### Work to complete
Shown below is a listing with pictures; reproduce exactly, and only, the lines between the ones containing "It is important" and "So a lot of", inclusive, leaving the pictures out.

### Supplied material
○ ○ ○ ○ ○ ○ ○
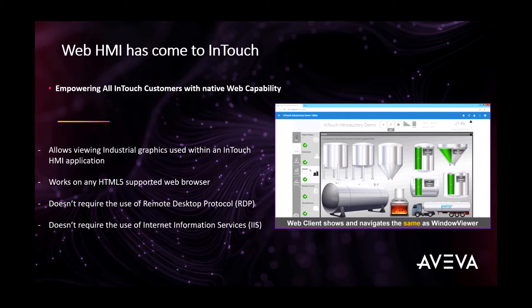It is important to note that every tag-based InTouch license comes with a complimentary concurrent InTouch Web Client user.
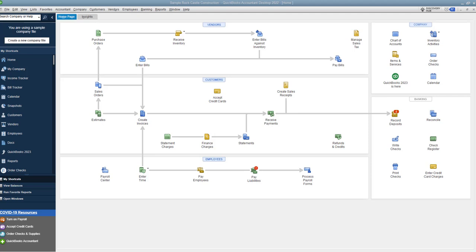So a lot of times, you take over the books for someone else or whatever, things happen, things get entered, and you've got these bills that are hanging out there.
○ ○ ○ ○ ○ ○ ○
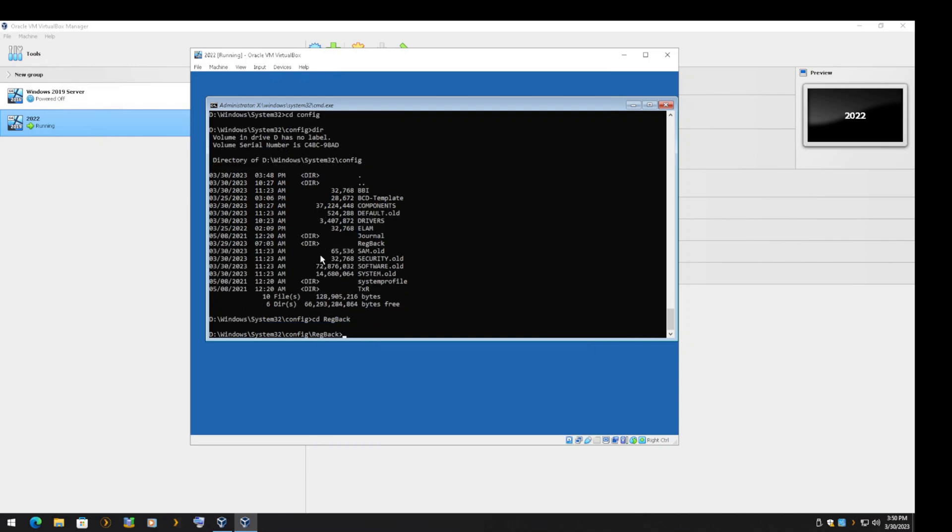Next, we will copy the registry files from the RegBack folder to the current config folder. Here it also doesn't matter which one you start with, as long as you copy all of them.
○ ○ ○ ○ ○ ○ ○
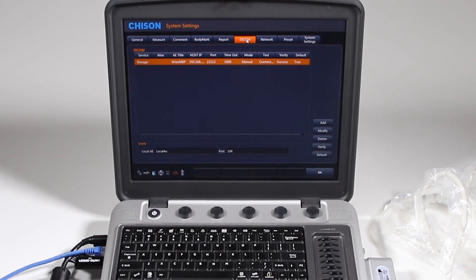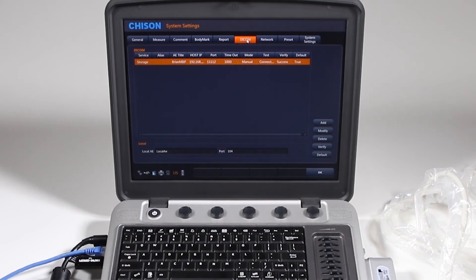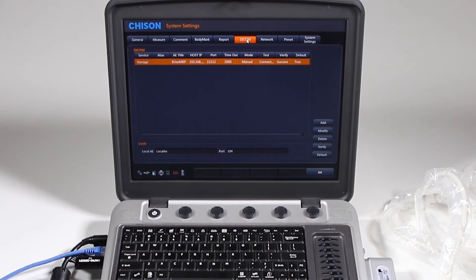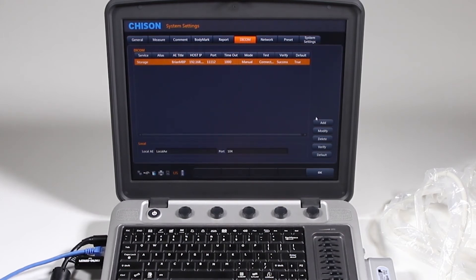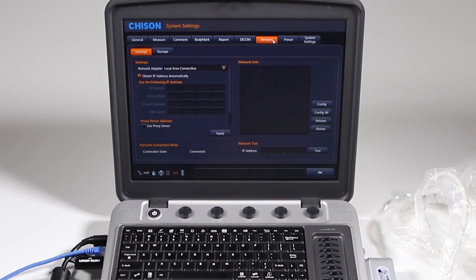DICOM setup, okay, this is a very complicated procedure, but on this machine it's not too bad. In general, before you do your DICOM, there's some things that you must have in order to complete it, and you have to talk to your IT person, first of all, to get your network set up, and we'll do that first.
○ ○ ○ ○ ○ ○ ○
### Solution below
It is important to note that every tag-based InTouch license comes with a complimentary concurrent InTouch Web Client user.
So a lot of times, you take over the books for someone else or whatever, things happen, things get entered, and you've got these bills that are hanging out there.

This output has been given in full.